Woke up crying today. Again.
Been having such mornings lately. Never sure why but the pipes in my Tear Duct Dept. are having frequent bursts. No kidding peeps, it's a really dreadful move to wake up and feel your bodily fluids flow into your lips and ears. The worst part is I'd forget whatever the hell that was so freakin' sad.
Maybe sad is not the word. I wouldn't be weeping if I was sad. Sad is that upturned smile dedicated to your mourning little brother when you find the family cat dead. You're relieved the four-legged ankle scratcher's finally expired but you just can't help but feel sorry for your sibling's endless bawling.
I believe my melancholic state arose out of expectations and a nagging sensation of loss. Amplified more so out of the present condition of Gramma and the absence of Bb.
When Bb went away, I thought the hardest part was the wait. It's the letting go that's hardest. I'd really have to get used to that. Goodbye affairs are my handicap. Especially last October at the airport. I seemed emotionless. But not last week I wasn't. I never realized how much I had been yearning for Bb until our last hug last week. Like a mirage, it's just devastating seeing her disappear again.
I'll do better next time dear, I pomiz. I know it will affect you on the way back.
No more tears babe.
Gramma's not looking good. A minor stroke and later a bout of pneumonia last week had left her with not a voice in her throat and a body helpless. She was chatty eventhough her hearing's not so well but now, she can barely lift her arms.
Exactly what my late Grampa went through.
Visiting relatives only affirmed my predictions. Time may not be on the old girl's side but as what Bb said; she had lived her life, and maybe it's time for her to join Grampa.
I guess so.
Recalling Gramma's not so subtle bark at the hospital before her vocal chords were maimed, "The longer I stay here, the shorter my life!" I beamed proudly. Not because of the perfect English in which the statement was spoken nor from the also smilingly concurring looks other patients and their visiting relatives were showing but for her apparently loud exclamation of annoyance for the supposedly unnecessary lengthy hospital stay. That's Gramma for you.
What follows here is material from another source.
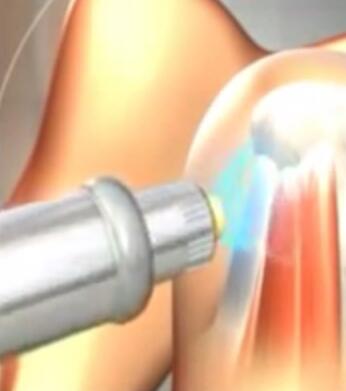ESWT pain relief shoulder joint tendons shockwave treatment physiotherapy radial shock wave equipment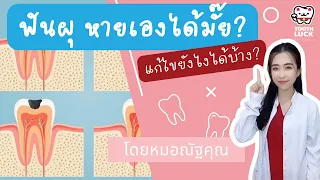  ฟันผุแบบที่เป็นจุดขาวๆ หรือขุ่นๆ สามารถหายเองได้ไหม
One of the many things I learned from Gramma is that courtesy does not wither with age. She never fails to remember her Ps and Qs. Helping her to her "Grammobile" and adjusting her posture every few hours, she would always reply with a grateful "thank you" or add in a simple "good night".
Now that that was taken from you, I noticed you forcing a reply yesterday when I lifted you from your wheelchair but you could only manage a weak smile. And I can't help but smile too.
"Takpe, Nek." in the most assuring tone i could offer.
"Nenek takyah cakap." [Something heavy descended upon my chest]
"Nenek senyum ajer sudah. Andy paham."
And with a nod she turned her head and slept.
Smiling.
I know what I'm gonna miss. I just don't want it to be true.